米国のコロンビア大学は、米脳神経科学誌ニューロン(Neuron)にて、自閉症の患者の脳には神経細胞同士をつなぐシナプスが過剰に存在しており、この度マウスを用いた薬剤投与実験でシナプスの刈り込み(古くなり劣化した細胞を廃棄する)メカニズムを回復させることに成功したことを発表した。
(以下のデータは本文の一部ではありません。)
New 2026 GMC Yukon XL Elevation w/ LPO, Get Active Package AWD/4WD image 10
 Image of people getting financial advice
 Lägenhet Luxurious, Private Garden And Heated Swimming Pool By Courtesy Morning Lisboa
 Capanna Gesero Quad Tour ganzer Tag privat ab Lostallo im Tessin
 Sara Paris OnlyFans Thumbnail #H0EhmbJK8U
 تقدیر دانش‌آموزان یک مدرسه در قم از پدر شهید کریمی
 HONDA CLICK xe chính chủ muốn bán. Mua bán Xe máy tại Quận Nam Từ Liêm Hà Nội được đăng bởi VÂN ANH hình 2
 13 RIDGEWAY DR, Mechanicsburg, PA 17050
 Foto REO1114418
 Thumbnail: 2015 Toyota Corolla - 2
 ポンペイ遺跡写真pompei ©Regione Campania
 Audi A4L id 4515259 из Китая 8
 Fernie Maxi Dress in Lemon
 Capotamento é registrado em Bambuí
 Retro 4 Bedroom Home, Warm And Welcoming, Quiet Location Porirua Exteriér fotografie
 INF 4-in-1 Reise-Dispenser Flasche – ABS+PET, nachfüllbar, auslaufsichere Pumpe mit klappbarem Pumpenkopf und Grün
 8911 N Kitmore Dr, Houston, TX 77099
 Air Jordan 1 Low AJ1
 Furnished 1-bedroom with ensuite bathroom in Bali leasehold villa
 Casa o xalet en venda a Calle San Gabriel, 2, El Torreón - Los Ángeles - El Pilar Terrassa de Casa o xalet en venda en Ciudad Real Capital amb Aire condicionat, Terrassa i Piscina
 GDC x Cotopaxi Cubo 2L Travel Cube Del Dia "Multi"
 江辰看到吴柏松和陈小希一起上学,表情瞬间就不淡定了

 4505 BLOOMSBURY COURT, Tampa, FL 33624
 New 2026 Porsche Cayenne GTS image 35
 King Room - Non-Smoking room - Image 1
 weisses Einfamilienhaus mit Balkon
(参照:統合失調症治療に新たな希望 108個の遺伝子を特定)
Photo:Synapse By gasboyben
政府推計によると、米国では68人に1人の子どもが自閉症スペクトラム障害(ASD)と診断されており、日本でも100人に1人程度の割合で診断されていると言われている。コロンビア大学の研究チームは、遺伝子組み換えにより自閉症を再現したマウスによる実験にて、「mTOR」の働きを抑える「ラパマイシン」と呼ばれるたんぱく質を投与。「mTOR」はシナプスの刈り込み能力を阻害する。ラパマイシン投与を受けたマウスは、他のマウスとの接触を避けるなどの自閉症的な行動に減少傾向がみられた。
同大学の神経生物学者、デビッド・スルザー氏は、診断後での有効な治療が行えるとして話しており、自閉症治療に大きな期待が高まっている。